◆ What you should do:
From the line holding "High Oleic Sunflower" through the line holding "Tầm quan trọng của trực tiếp đá gà TK88" below, write out every line exactly; include both of those lines and drop the pictures.

◆ Supplied data:
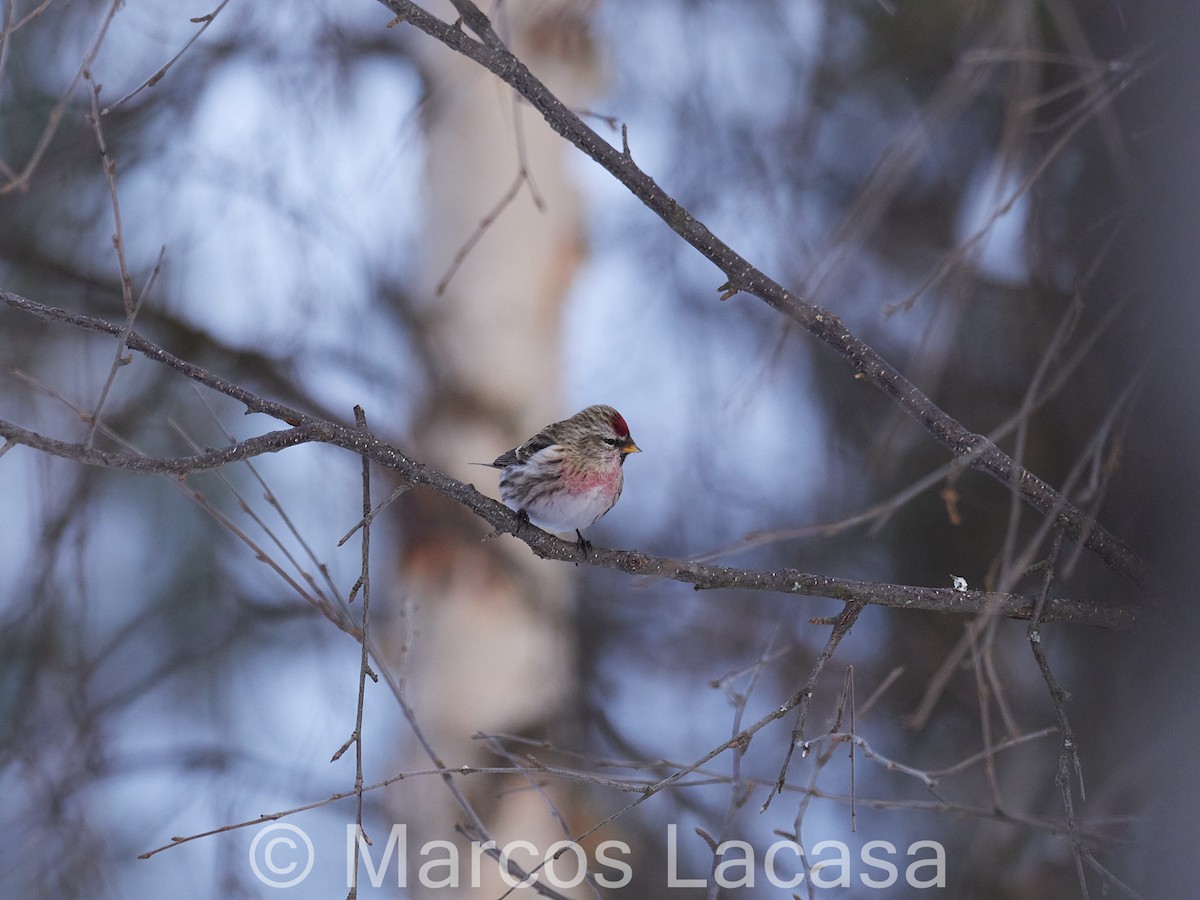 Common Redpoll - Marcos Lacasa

==

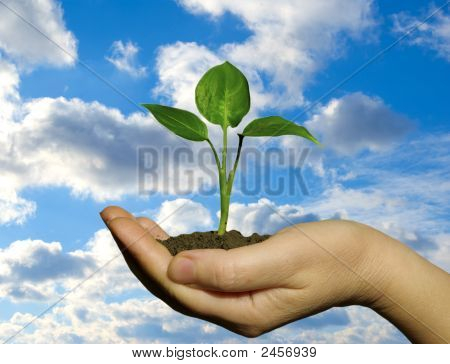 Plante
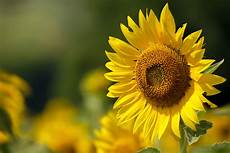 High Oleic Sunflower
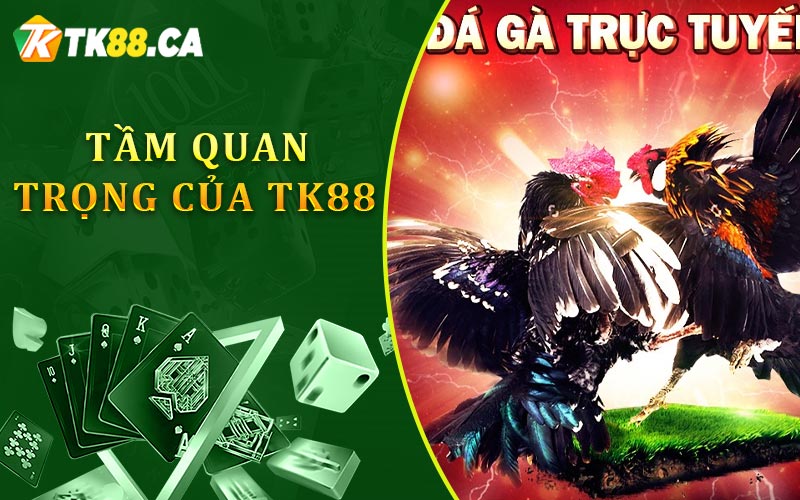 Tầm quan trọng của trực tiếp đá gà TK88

◆ Reply:
 High Oleic Sunflower
 Tầm quan trọng của trực tiếp đá gà TK88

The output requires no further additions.